● **DATA**
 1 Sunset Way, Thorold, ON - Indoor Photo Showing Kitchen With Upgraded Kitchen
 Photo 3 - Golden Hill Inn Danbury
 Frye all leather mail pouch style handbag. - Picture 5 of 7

...

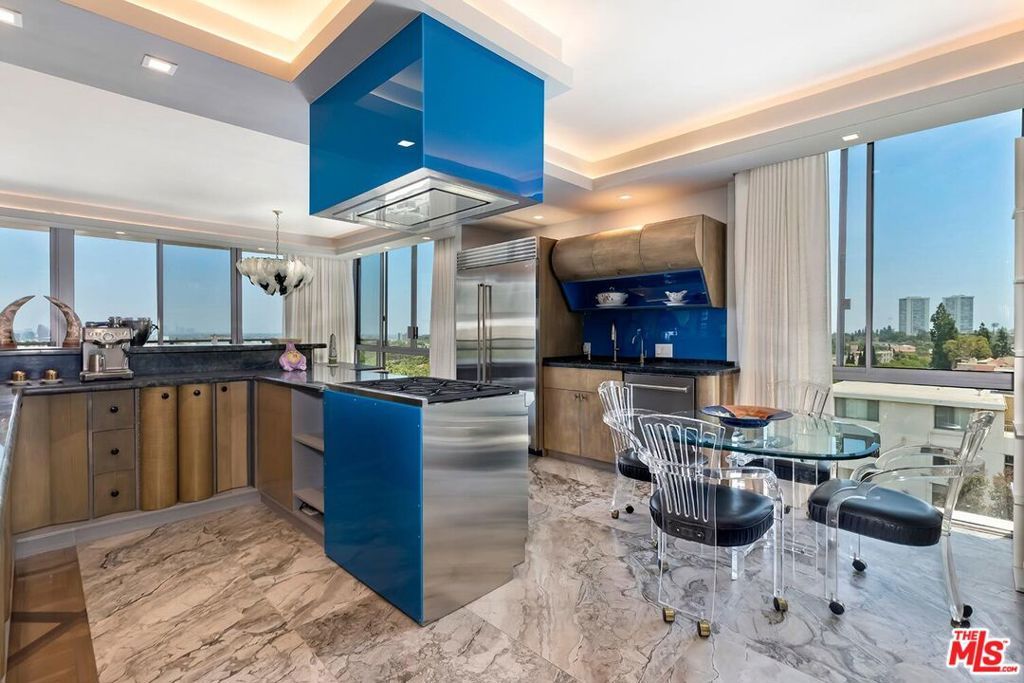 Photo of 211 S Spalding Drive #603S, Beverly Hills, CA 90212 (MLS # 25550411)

● **WORK INSTRUCTION**
Using the records above, write out exactly the lines between the one holding "1 Sunset Way, Thorold, ON" and the one holding "Frye all leather", inclusive; leave everything else out.

● **RESULT OF THIS TASK**
 1 Sunset Way, Thorold, ON - Indoor Photo Showing Kitchen With Upgraded Kitchen
 Photo 3 - Golden Hill Inn Danbury
 Frye all leather mail pouch style handbag. - Picture 5 of 7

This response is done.